Keeping the Commandments, Treading on Snakes

A couple of weeks ago I served as a spiritual director for a three day retreat.  Meanwhile, back at the ranch, the boys were killing snakes.

It is a great honor to serve as a spiritual director. The story of each soul is a sacred trust - each woman a child of God, each carrying beautiful, unique gifts, and each bearing the scars of a fallen world.  Every time I serve as a spiritual director, I am healed more deeply as I understand the heart of my Father more clearly.   Whenever a sister finds the courage to share with me the shame of some secret  sin or the deep pain of rejection, I feel my heart quicken with the tenderness of God.  Though I know the truth that there is no shame for anyone in Christ, like my sisters, I have often been tempted to hide in fear or shame.  But when I serve as a spiritual director, the truth of God's mercy expressed in the cross becomes living and active in my soul, like a sharp sword, setting people free.

Swords are made for battle.  That is the other truth which this retreat drove home.  Like it or not, we are engaged in a fight for our lives and the lives of our brothers and sisters.  Sin is real, and its wages are death. Not because God is a wrathful God.  No!  Rather, it is the very nature of sin which causes death - just as it is the nature of Ebola to kill its victims.  We have an enemy who loves to entice us to taste the fruit which is pleasing to the eye but poison to the soul.  He is a serpent who whispers, "You shall not surely die.  You will be like God."

When I was a young child, the Ten Commandments scared me.  I saw illustrations of Moses standing on a mountaintop looking like a madman, the messenger of an angry God shooting lightning bolts to terrify His people.  To this day, I do not doubt that the scene was awesome, but now I hear the commandments very differently.

 I hear a loving Father sternly warning his children to stay way from danger. I hear a merciful God saying.....

 You shall have no other gods before me (because I am your Maker and your Husband.  I am the Way and Truth and the Life.)

You shall not commit adultery (because I am a faithful lover.  Unfaithfulness hurts your souls; it destroys families; it undermines the trust of your children.)

You shall not bear false witness against your neighbor (because you were meant to live in the truth.  Lying leads to fear, to hiding, to violence.)

You shall not covet (because all My riches are yours.  You and your neighbor are one Body, dependent on one another.)

I believe this was God's intent from the beginning, but before Jesus walked among us and died for us, it was hard for us to hear the because clause.   I sometimes wonder about that.  Could God have explained a little more, expounded a bit on His reasoning?  Could He have spoken more softly perhaps?  

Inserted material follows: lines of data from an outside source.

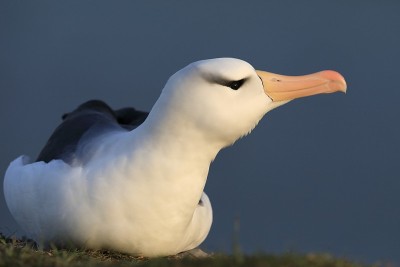 白眉信天翁(Thalassarche melanophris)或德国Mollymawk Helgol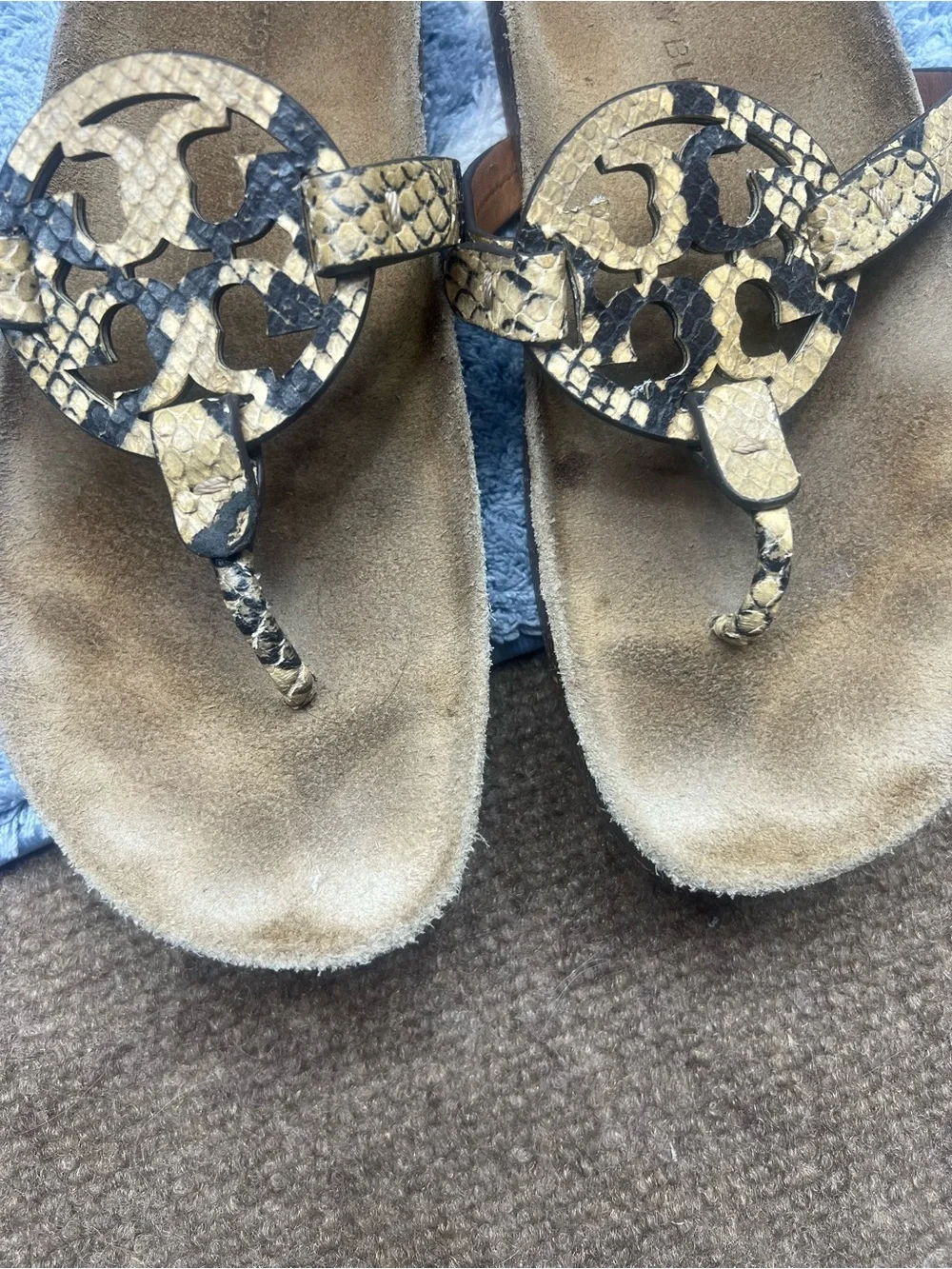 Tory Burch Snake Embossed Logo Thong Sandals in Tan and Gold - Picture 8 of 8
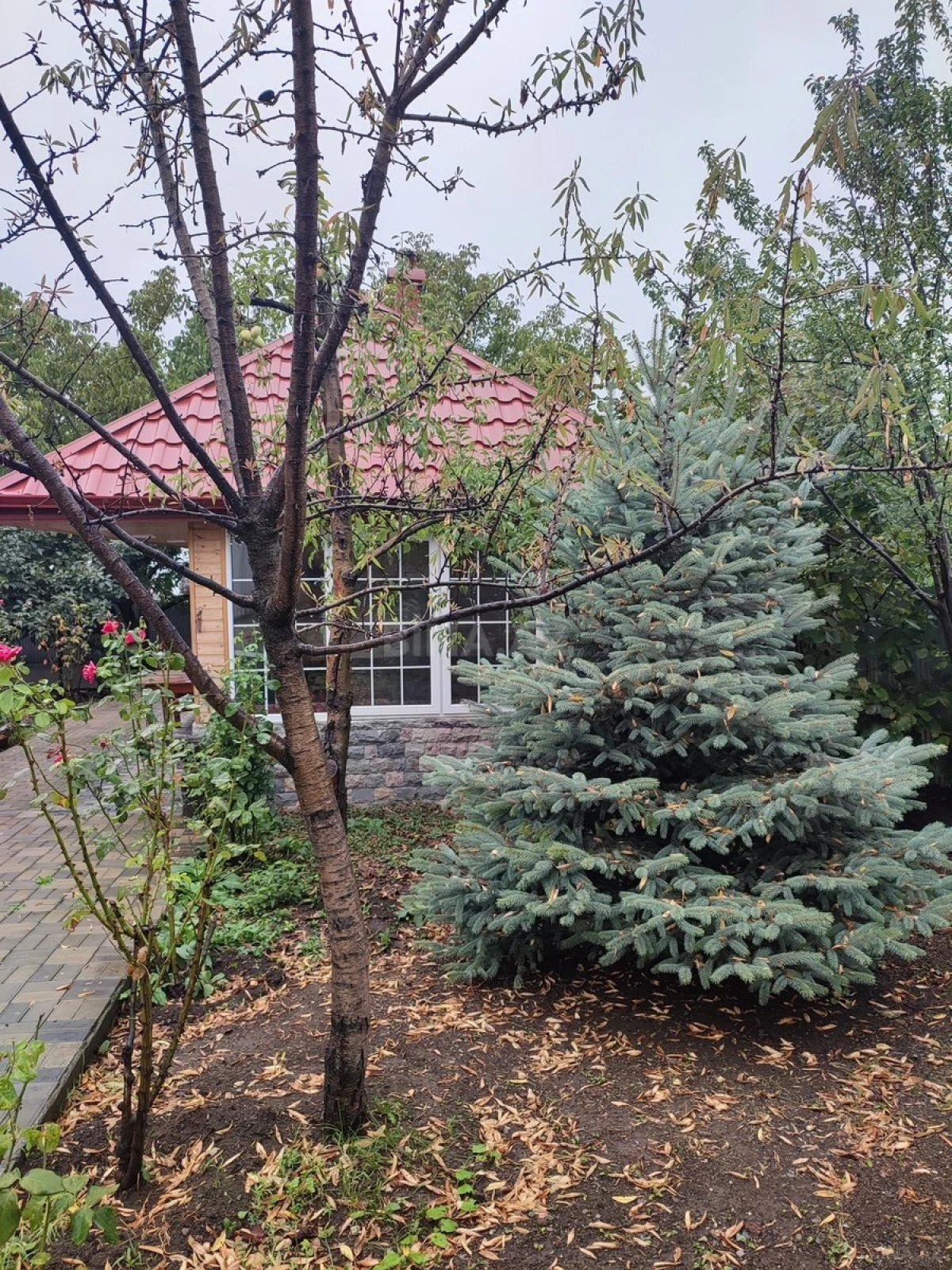 Kirayə verilir 4 otaqlı həyət evi 255 m²
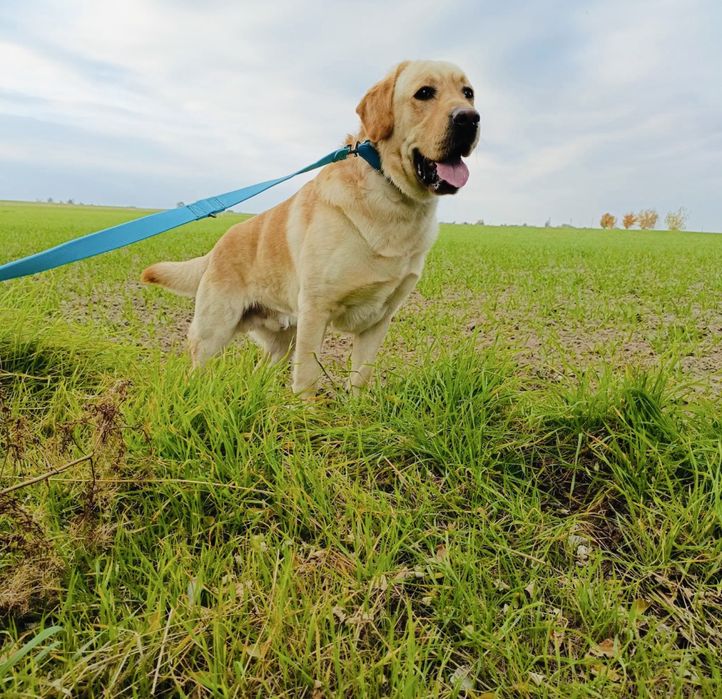 Labrador retriver piesek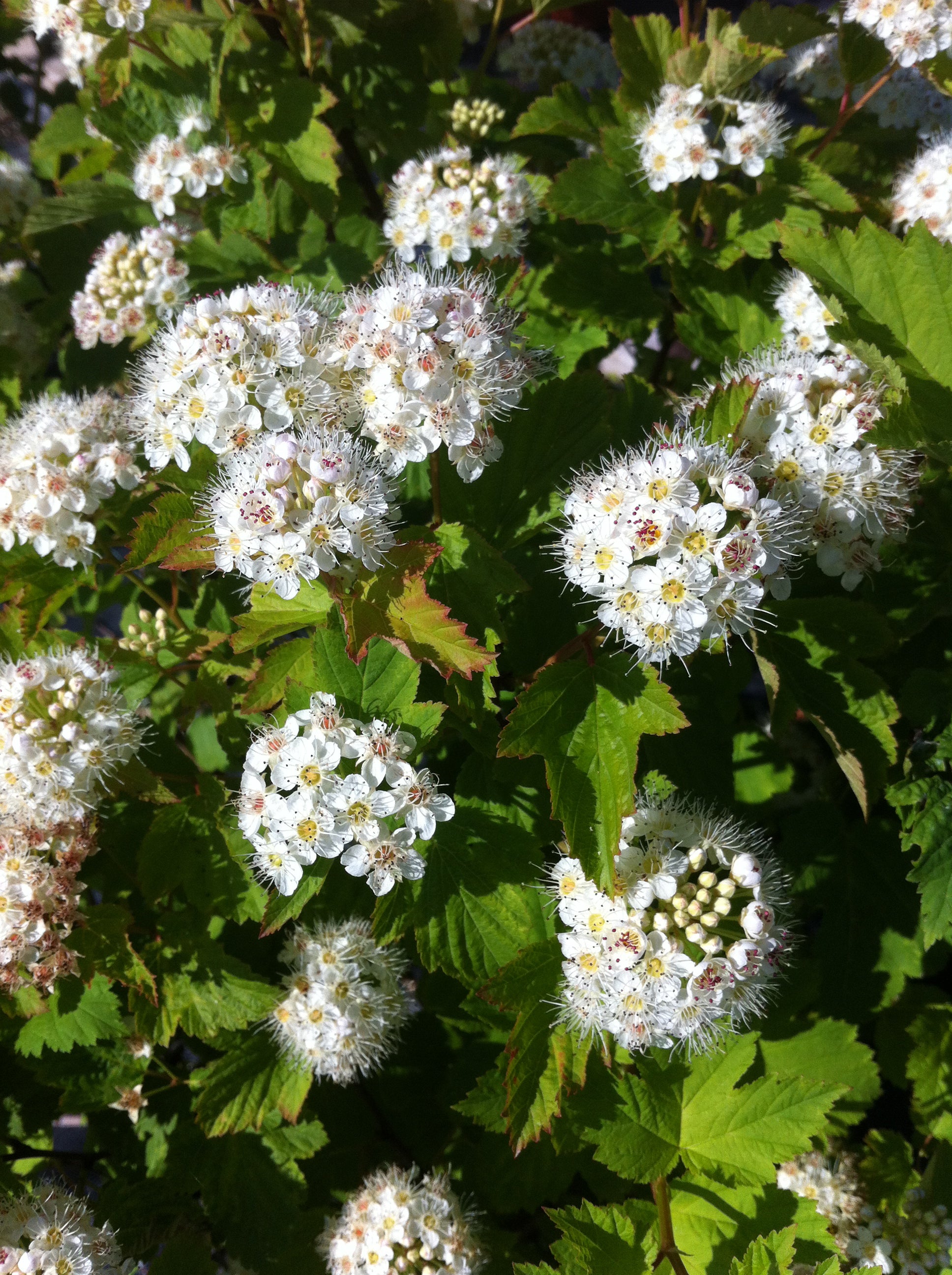 Physocarpus opulifolius Common Ninebark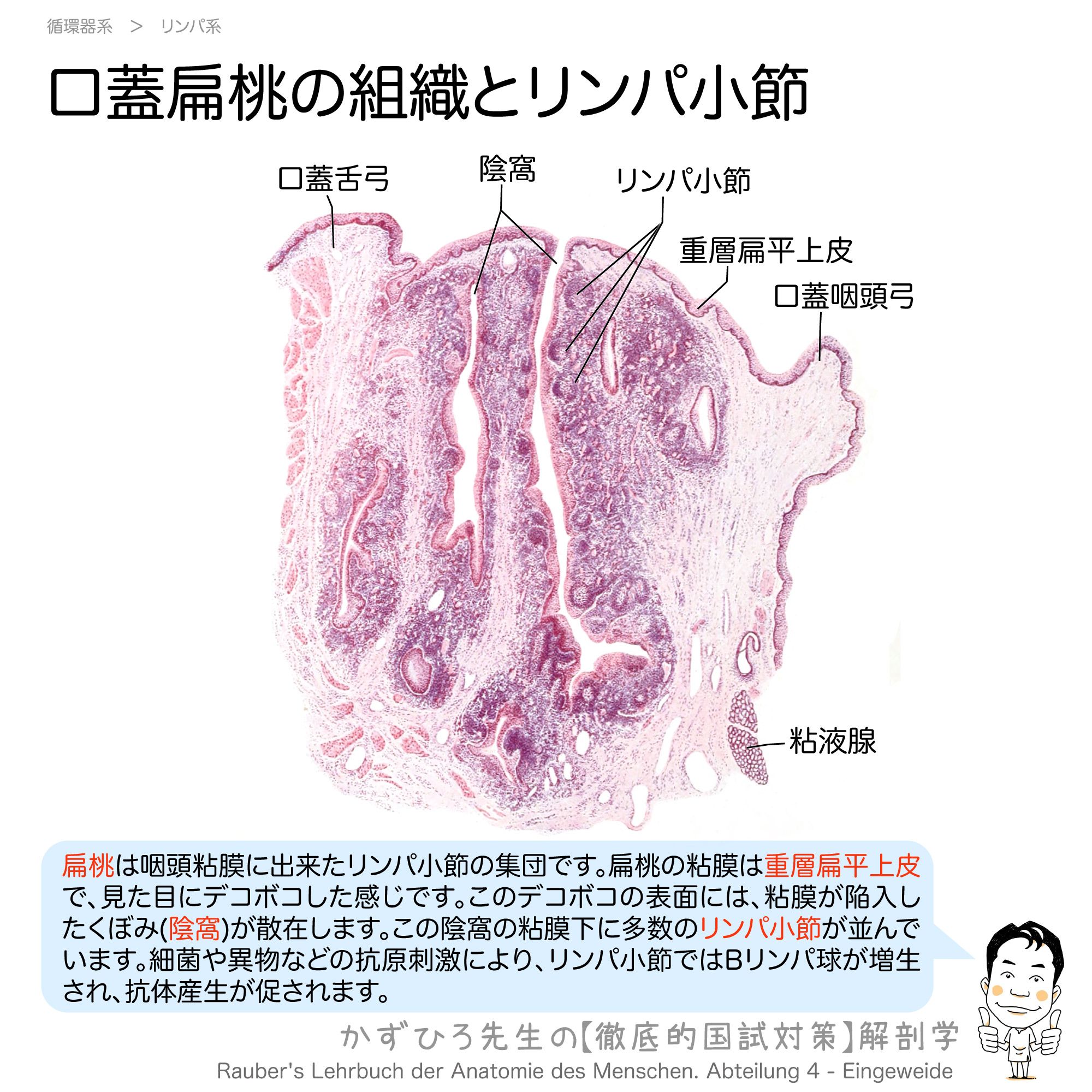 衛生　組織　解剖　３冊 m3電子書籍 | 手術 2020年12月号 74巻13号 特集 内視鏡外科手術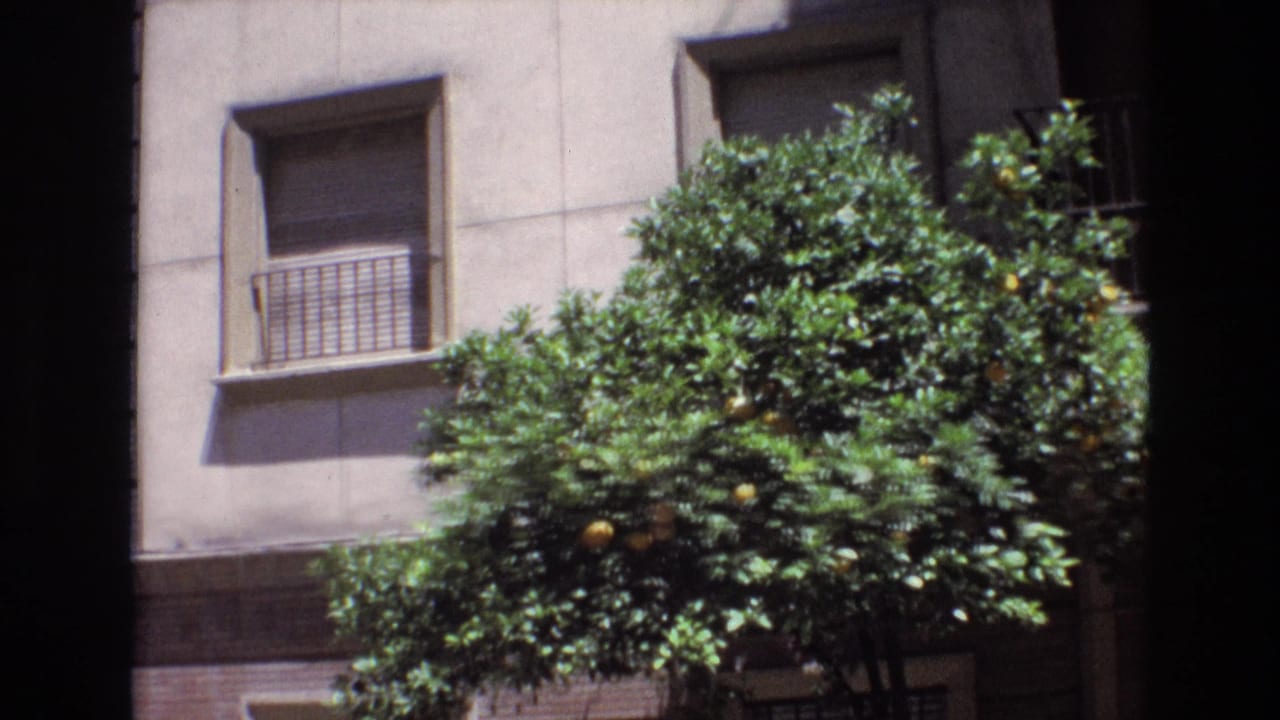 Orange tree beside a beige apartment facade with barred windows and balconies.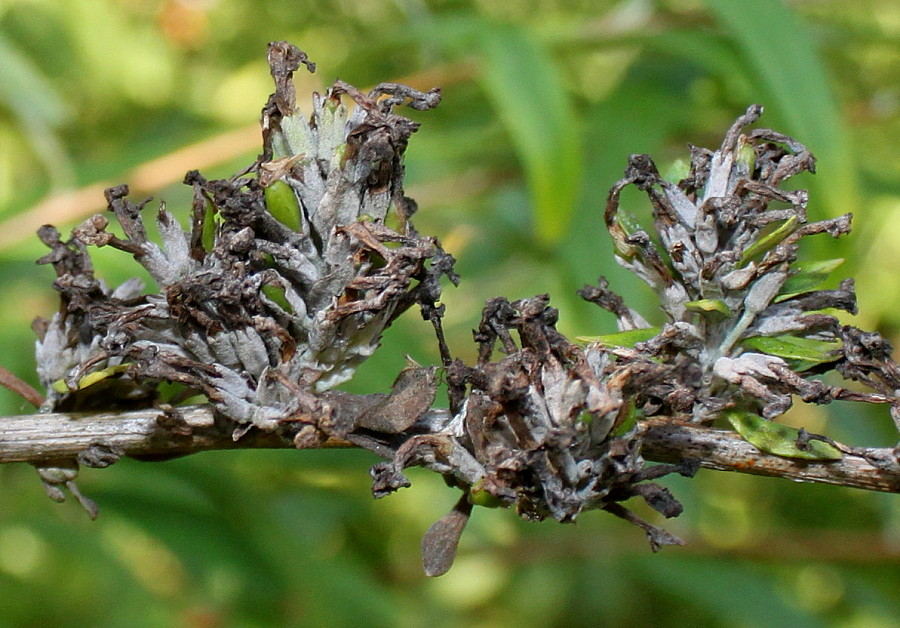 Изображение особи Buddleja alternifolia.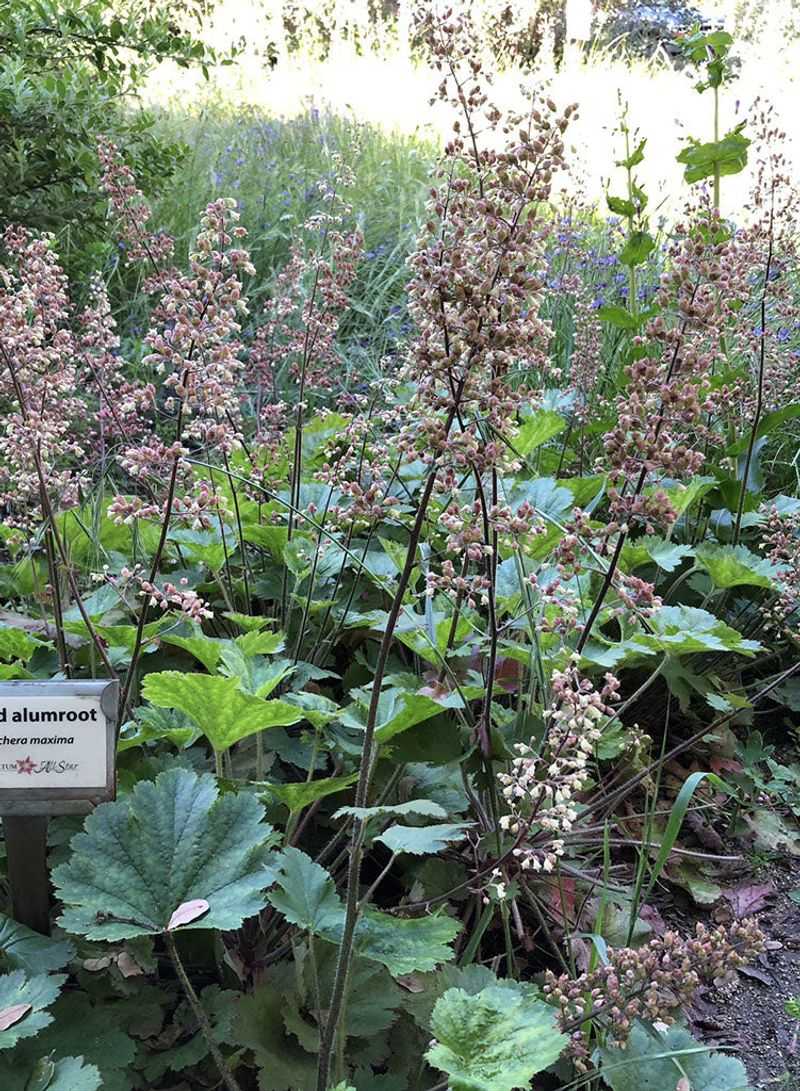 Coral Bells (Heuchera maxima)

Then I remember that sin is a life and death matter.  When my toddler is reaching out to touch a poisonous snake, I don't take time to look into her eyes and explain the nature of venom.  I yell "Stop!" loud and clear, and if she cries in fear, I don't  sweat it.  Of course when the danger passes I scoop her in my arms and hug her tight because love is my motive and my goal.

The thirty women at this retreat each had several snake bites - some the result of their own sin, some the result of other people's sin.  Thanks to the cross, they were able to look on Jesus and live.  But how much stronger would the Body of Christ be if we listened to the warnings of our Father and avoided the snakes more diligently?

When the retreat was over, I went back to my cabin, shut the door and cried tears of relief, of love, of gratitude, of exhaustion. Then I walked into the bathroom and saw a scorpion.  My first instinct was to let it be.  It was no threat to me as long as I didn't touch it.  My roommate had already packed and left.  But once again, I felt my spirit quicken.  I couldn't leave that scorpion to breed.  There would be people in the cabin after me, and I couldn't put them at risk through my passivity.  So I pushed through my revulsion and stomped on the creature.

Meanwhile, back at the ranch, the boys were killing a rattlesnake.